# Task statement:
Working from the records below, repeat exactly the lines starting at the line that contains "a garden with" and ending at the line that contains "Port crane for work in the sunset Port", inclusive.

# Data for analysis:
——————————
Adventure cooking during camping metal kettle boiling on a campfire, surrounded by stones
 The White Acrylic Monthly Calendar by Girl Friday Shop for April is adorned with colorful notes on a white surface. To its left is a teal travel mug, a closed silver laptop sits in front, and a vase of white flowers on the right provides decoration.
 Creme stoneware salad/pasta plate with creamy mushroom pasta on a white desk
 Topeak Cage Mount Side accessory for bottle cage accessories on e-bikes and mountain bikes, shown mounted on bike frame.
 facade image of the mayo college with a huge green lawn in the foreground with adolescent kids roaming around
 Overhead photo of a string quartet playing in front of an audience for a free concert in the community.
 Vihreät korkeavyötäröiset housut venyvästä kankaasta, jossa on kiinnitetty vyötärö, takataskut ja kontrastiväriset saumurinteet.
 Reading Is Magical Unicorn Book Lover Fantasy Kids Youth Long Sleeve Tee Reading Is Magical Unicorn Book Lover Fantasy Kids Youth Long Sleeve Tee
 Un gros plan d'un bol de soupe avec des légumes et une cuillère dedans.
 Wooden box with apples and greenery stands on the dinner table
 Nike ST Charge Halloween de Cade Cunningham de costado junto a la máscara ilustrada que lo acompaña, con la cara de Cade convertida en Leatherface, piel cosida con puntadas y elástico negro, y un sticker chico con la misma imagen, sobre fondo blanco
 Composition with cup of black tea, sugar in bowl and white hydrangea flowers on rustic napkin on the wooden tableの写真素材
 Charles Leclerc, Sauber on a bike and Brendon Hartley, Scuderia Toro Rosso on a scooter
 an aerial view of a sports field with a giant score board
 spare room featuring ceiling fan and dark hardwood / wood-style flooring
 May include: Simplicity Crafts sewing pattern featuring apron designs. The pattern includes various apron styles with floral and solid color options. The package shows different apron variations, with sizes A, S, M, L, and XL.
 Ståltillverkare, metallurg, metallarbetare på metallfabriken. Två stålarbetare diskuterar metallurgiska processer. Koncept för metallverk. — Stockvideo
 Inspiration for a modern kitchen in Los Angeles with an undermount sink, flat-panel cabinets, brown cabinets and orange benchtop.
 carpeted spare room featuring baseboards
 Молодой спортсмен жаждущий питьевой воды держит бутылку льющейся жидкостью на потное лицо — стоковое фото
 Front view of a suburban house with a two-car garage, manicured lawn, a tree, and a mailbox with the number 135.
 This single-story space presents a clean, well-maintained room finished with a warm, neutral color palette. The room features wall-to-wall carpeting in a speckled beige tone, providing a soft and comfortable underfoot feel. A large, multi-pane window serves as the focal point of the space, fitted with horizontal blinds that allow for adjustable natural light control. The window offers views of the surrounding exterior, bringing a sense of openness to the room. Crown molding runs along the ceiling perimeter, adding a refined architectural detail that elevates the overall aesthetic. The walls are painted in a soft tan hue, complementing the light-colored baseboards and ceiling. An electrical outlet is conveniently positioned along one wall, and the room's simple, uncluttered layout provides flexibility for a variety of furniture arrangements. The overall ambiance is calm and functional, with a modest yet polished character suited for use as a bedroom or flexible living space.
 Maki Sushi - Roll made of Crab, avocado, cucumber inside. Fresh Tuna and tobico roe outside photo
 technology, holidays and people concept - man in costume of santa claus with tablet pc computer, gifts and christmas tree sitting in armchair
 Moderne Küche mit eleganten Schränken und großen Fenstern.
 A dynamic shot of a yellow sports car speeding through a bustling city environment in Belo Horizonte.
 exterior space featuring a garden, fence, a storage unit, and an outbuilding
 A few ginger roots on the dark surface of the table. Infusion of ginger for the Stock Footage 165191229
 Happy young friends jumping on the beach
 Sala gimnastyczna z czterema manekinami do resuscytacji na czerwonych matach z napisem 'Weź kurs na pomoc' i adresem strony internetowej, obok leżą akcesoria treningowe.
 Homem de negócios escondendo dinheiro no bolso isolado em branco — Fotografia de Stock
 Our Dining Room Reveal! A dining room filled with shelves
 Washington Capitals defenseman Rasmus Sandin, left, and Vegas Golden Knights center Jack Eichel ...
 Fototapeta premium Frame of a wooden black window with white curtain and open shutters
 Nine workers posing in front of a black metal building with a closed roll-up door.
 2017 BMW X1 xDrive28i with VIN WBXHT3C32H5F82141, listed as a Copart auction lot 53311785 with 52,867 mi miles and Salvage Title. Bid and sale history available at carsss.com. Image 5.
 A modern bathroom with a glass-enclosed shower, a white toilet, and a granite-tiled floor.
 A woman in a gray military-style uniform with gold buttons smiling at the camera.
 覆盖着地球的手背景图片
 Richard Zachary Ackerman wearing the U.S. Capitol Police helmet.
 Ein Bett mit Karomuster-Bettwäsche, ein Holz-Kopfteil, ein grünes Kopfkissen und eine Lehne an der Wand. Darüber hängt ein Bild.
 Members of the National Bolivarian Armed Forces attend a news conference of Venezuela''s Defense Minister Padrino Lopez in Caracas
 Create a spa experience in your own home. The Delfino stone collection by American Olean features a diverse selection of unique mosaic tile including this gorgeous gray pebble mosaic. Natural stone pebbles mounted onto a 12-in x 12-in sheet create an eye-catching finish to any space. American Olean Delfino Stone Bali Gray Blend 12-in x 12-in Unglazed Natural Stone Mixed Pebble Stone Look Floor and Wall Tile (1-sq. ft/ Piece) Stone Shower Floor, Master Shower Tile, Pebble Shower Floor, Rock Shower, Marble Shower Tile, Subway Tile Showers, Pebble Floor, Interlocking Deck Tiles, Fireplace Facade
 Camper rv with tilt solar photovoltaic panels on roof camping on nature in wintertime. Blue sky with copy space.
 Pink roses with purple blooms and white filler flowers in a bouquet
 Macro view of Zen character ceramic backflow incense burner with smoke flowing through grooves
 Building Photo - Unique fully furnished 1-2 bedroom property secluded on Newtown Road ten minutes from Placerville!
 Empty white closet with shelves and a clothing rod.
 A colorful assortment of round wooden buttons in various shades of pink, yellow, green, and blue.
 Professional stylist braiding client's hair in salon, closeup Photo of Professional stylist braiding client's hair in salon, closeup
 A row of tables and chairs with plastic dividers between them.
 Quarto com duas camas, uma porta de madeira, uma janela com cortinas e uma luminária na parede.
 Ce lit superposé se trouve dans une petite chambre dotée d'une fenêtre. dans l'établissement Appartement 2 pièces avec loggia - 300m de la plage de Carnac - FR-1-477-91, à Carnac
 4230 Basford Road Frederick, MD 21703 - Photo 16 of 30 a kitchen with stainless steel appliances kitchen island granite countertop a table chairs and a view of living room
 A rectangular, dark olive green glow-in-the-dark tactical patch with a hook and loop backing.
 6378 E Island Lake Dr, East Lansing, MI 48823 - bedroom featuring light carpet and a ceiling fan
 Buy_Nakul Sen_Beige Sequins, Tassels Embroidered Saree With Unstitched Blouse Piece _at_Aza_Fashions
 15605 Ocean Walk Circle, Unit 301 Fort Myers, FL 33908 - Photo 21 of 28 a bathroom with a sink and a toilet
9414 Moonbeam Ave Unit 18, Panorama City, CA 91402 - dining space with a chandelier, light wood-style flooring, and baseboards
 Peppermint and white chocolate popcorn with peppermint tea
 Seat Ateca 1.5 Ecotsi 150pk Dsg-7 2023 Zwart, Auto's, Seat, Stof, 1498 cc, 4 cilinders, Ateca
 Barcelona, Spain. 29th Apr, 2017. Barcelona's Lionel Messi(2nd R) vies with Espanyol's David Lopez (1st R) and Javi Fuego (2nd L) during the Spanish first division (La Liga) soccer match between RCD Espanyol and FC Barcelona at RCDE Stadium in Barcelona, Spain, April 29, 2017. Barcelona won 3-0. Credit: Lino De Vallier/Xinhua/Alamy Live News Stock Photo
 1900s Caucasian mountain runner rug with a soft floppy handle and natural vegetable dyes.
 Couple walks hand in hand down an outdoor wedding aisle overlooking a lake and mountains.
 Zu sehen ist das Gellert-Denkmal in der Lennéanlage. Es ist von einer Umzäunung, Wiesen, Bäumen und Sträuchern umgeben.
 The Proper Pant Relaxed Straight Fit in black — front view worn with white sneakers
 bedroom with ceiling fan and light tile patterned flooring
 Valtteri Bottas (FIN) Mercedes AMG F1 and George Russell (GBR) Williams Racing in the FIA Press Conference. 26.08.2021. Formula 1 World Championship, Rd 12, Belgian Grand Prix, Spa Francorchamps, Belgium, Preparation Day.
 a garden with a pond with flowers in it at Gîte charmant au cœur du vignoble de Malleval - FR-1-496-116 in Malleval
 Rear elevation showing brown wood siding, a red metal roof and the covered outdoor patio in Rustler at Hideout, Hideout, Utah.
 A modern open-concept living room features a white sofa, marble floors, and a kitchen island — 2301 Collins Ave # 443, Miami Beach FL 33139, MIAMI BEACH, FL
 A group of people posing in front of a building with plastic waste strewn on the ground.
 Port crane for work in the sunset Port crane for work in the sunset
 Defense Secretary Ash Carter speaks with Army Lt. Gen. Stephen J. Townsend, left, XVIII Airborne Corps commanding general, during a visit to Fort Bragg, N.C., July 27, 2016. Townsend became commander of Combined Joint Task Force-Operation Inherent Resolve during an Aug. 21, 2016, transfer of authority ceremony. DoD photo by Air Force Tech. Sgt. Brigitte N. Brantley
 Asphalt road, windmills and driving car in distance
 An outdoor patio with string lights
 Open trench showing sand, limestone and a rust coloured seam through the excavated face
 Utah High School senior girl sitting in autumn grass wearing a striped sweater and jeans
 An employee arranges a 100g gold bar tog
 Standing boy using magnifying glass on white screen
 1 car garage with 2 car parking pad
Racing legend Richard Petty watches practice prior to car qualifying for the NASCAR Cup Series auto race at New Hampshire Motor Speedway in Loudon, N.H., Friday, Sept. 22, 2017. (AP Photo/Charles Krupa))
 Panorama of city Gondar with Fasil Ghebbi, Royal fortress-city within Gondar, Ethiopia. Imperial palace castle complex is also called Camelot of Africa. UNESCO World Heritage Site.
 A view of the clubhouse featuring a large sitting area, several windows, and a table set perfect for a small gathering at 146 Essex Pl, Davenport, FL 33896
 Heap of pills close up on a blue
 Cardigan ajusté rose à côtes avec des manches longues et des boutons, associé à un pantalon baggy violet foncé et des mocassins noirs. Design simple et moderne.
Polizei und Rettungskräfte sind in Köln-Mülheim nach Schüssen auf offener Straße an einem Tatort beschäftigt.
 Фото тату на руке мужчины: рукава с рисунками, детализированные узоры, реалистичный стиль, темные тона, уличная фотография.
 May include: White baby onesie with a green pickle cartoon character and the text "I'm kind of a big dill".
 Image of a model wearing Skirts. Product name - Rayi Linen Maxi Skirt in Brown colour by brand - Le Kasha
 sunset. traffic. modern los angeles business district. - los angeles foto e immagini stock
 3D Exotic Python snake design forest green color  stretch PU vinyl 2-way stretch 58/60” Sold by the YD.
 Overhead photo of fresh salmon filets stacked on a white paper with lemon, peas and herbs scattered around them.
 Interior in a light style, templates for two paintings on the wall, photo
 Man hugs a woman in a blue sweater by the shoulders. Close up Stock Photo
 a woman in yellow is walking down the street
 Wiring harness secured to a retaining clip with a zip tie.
——————————
# Expected output:
 a garden with a pond with flowers in it at Gîte charmant au cœur du vignoble de Malleval - FR-1-496-116 in Malleval
 Rear elevation showing brown wood siding, a red metal roof and the covered outdoor patio in Rustler at Hideout, Hideout, Utah.
 A modern open-concept living room features a white sofa, marble floors, and a kitchen island — 2301 Collins Ave # 443, Miami Beach FL 33139, MIAMI BEACH, FL
 A group of people posing in front of a building with plastic waste strewn on the ground.
 Port crane for work in the sunset Port crane for work in the sunset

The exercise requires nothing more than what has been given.